Restrictions of speech in a public forum are permissible if they are appropriately limited in time, place, and manner.²³ Speech can be restricted under a less demanding standard when it is done without regard to the content of the speech or the speaker’s point of view.²⁴ A content-neutral restriction on speech, for example, would be prohibiting all picketing within 150 feet of any school building while classes are in session without regard to their message, whereas a content-based restriction would be one that allows picketing only if the school is involved in a labor dispute.²⁵ Other reasonable content-neutral regulations include regulating noise by limiting decibels, or the hours and place of public discussion.²⁶ It is unlikely that content-neutral restrictions could be implemented to effectively regulate violent, obscene, or offensive content on social media platforms, which leaves us with content-based restrictions that would be subjected to heightened scrutiny.

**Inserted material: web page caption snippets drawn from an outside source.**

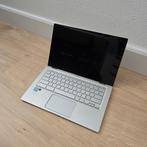 Asus Chromebook C434T - Slechte Batterij, Incl. Oplader, Computers en Software, Windows Laptops, Ophalen, Gebruikt, Asus, Qwerty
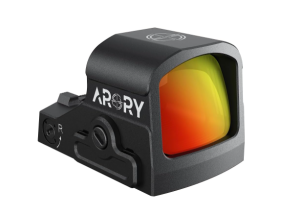ARORY RMU1 Micro Red Dot Sight 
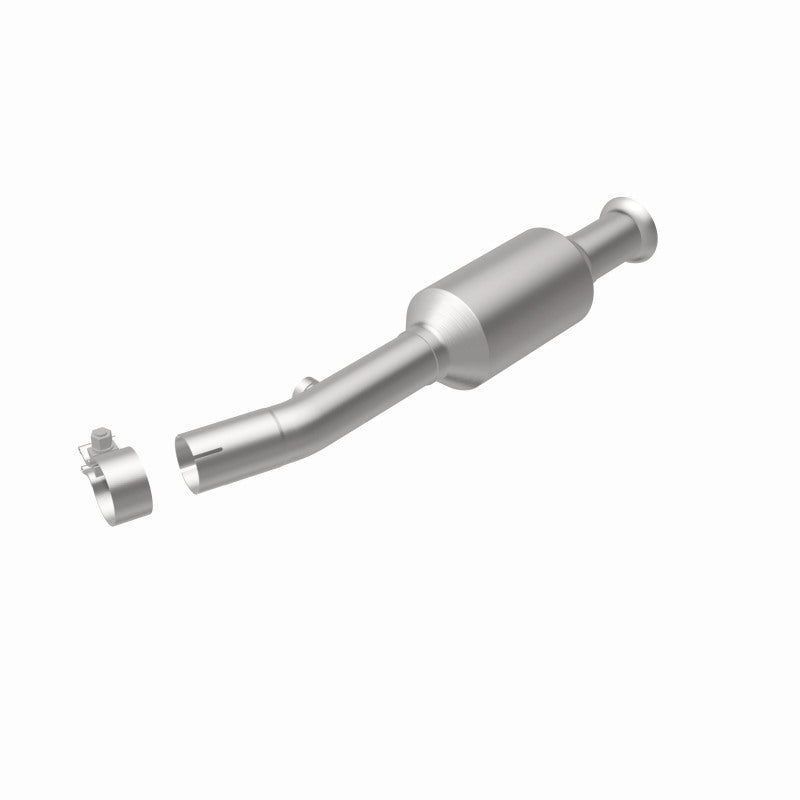 MagnaFlow OEM Grade Federal / EPA Compliant Direct-Fit Catalytic Converter 21-288 360 Degree Image Set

Content-based restrictions in a public forum require that there must be a compelling government interest in the restriction and the least restrictive means are employed to further that interest.²⁷

It is important to emphasize that the First Amendment “does not guarantee the right to communicate one’s views at all times and places or in any manner that may be desired.”²⁸ For that reason, if there is an alternative channel of communication for the desired speech, it may be a suitable alternative even if it is not a perfect substitute for the preferred forum that has been denied.²⁹ For example, if a user were blocked from posting on a social media platform, alternative channels to make the desired speech might include other social media platforms or different forms of media. Other possibilities might include remedial steps for regaining posting privileges, such as imposing temporary posting suspensions that can be lifted over time or requiring the poster to agree to specific posting restraints before regaining unrestricted access.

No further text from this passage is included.